# Does FFT on two samples from the same audio but with a very small sampling offset return the same results?

Using a single audio source, suppose I take two samples of the same length (say, 10s), with the same sample rate (say, 44100Hz), one just 1/3 sample length (7 microseconds) away from the other. Does FFT on the two samples return (roughly) the same shape? Is there a way for me to sync the two samples?

• Have you tried running a few experiments to see what happens? – MBaz Jun 24 '20 at 21:16
• @MBaz any experiment you recommend? I tried running phase shift and it worked (as in I could get the offset and sync the signals) on a couple of pure sinusoidal functions but it failed with more complex functions. – Koko191 Jun 24 '20 at 21:47

Fourier transforms possess a form of (in magnitude) shift-invariance, also called time-invariance, or shift property (see Properties of the Fourier Transform-shift properties): "a shift in time corresponds to a phase rotation in the frequency domain":

$$F\{x(t−t_0)\}=\exp(−j2πft_0)F\{x(t)\}\,.$$

This property of the continuous Fourier transform has analogues in its discretized versions. So many techniques to compensate for shifts or synchronize signals are based on this property. I'll name a few ones: cross-correlation, time-delay estimation, generalized cross-correlation (GCC), fractional delay filters. They can give you initial pointers.

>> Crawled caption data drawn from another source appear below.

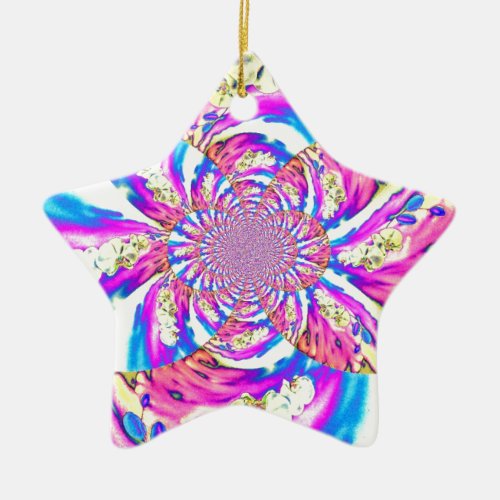 Abstract retro pink floral mandala pink orchids ceramic ornament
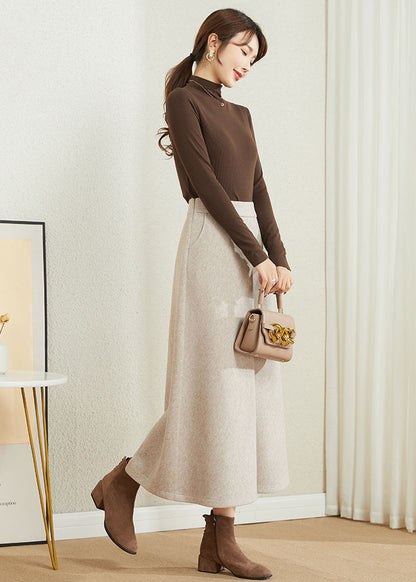 Brown Wool A-Line Midi Skirt - High Waist Winter Essential 3861
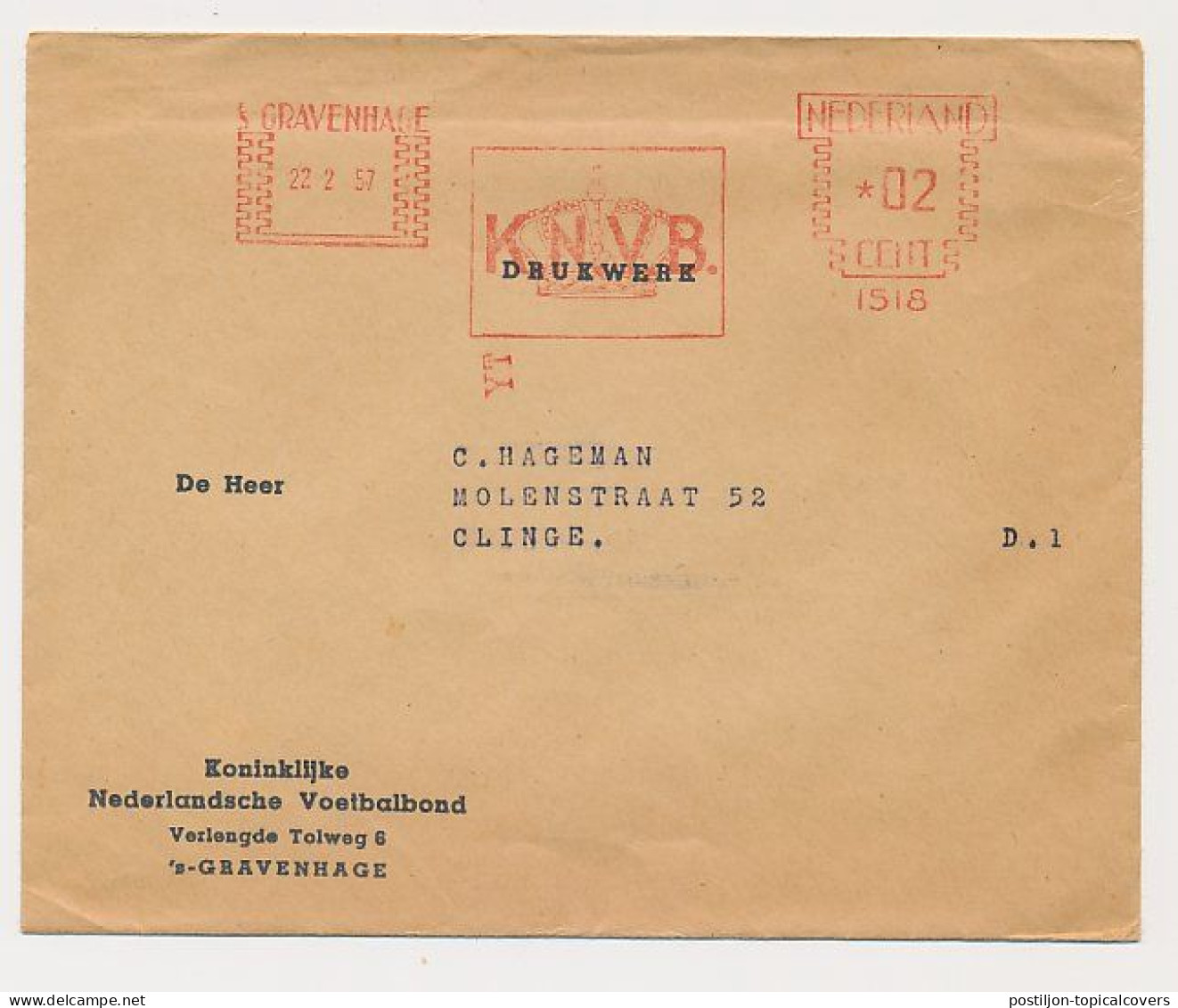 Meter Cover Netherlands - Football European Cup Netherlands - Belgium 1957 - Ticket Order Form - KNVB - Championnat D'Europe (UEFA)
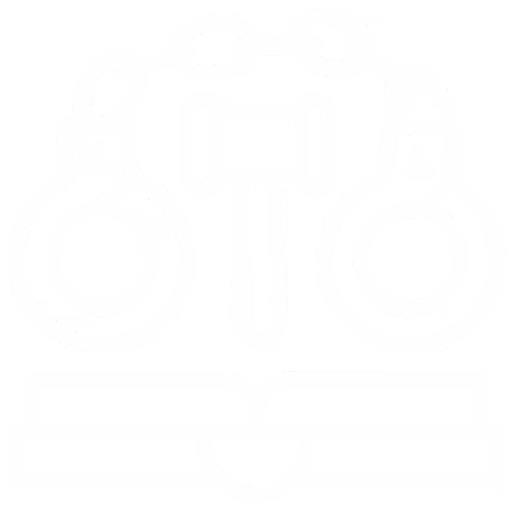 White line icon of a gavel, handcuffs, and an open book symbolizing criminal law.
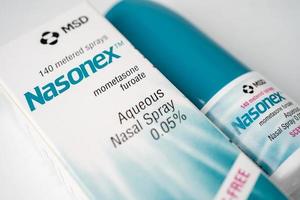 Bangkok, Thailand, October 1, 2021 Nasonex, mometasone furoate drug used to treat certain skin conditions, hay fever, and asthma at nose. photo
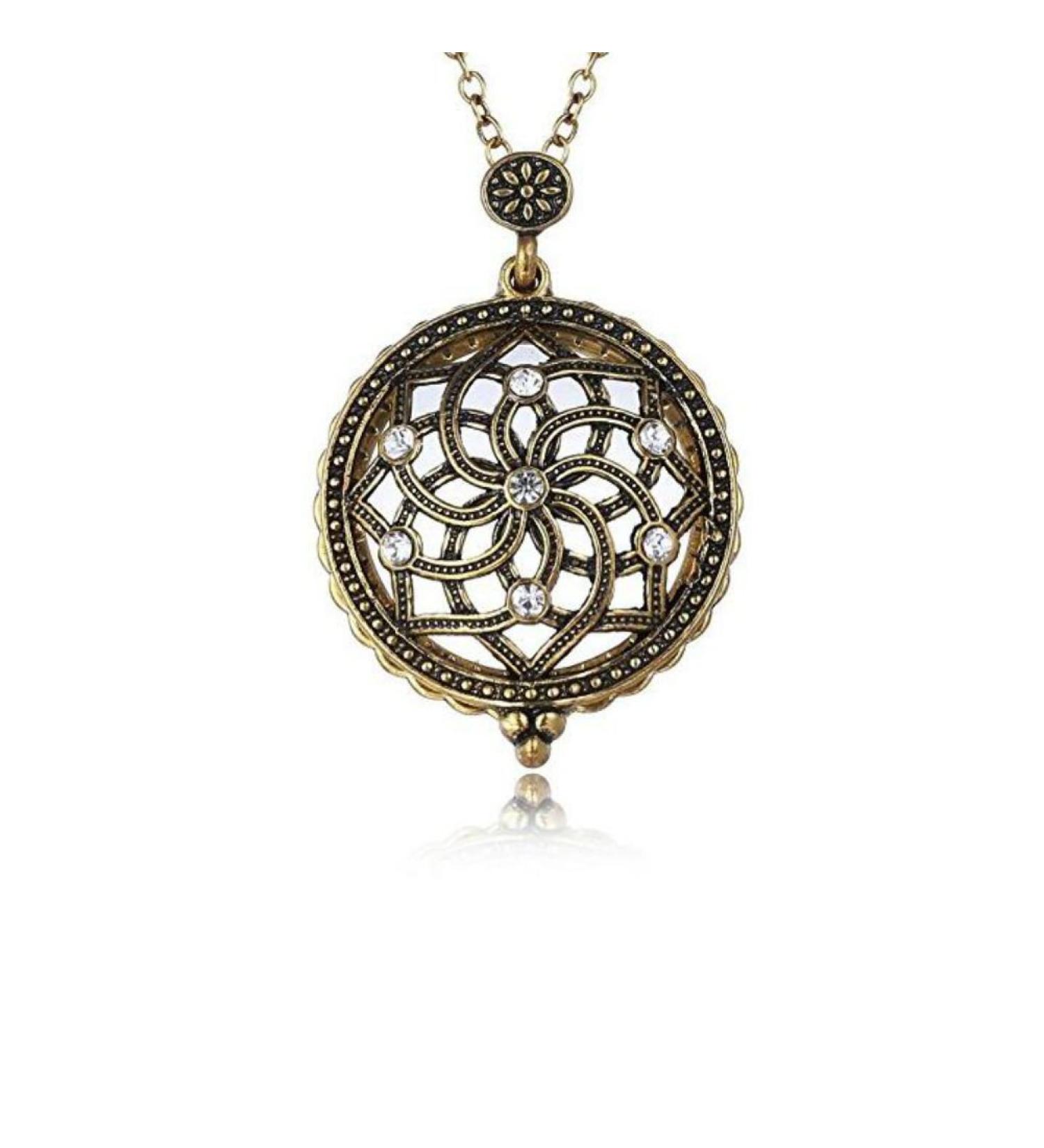 AKOAK 5X Portable Vintage Magnifying Glass Pendant Necklace for Library Reading Fine Print Zooming Increase Vision Jewelry and Gift (Flower-2) - Buy Online on GoSupps.com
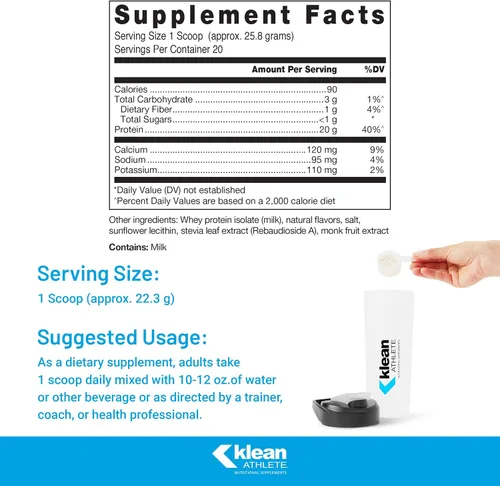 Miniatura 2 de Klean Athlete Klean Isolate - Aislado de proteína de suero - Proteína diaria y aminoácidos - Ingesta para la integridad muscular* - Certificado NSF
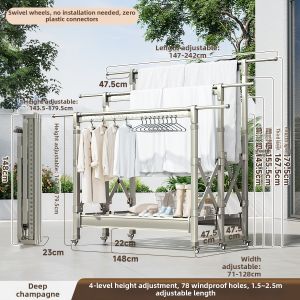 MINGZHI | Wind-Resistant Outdoor Drying Rack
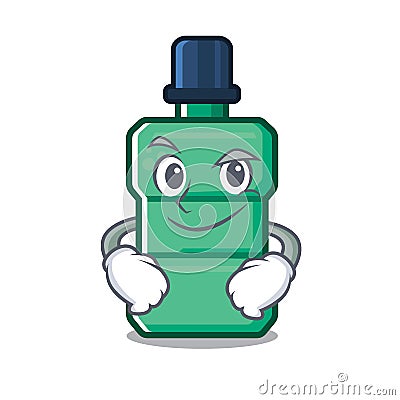 Smirking cartoon mouthwash in the a bathroom Vector Illustration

In Matlab, functions like finddelay or alignsignals can be used.

Does FFT on the two samples return (roughly) the same shape?

Yes, it's "roughly" the same shape

Is there a way for me to sync the two samples?

Depends a bit on the details. If both have the same sampling clock source but just a constant sampling offset. However if the clocks are not phase locked, than the sampling offset will drift slowly over time, so the fractional delay will be time varying. In this case you will need an asynchronous sample rate converter.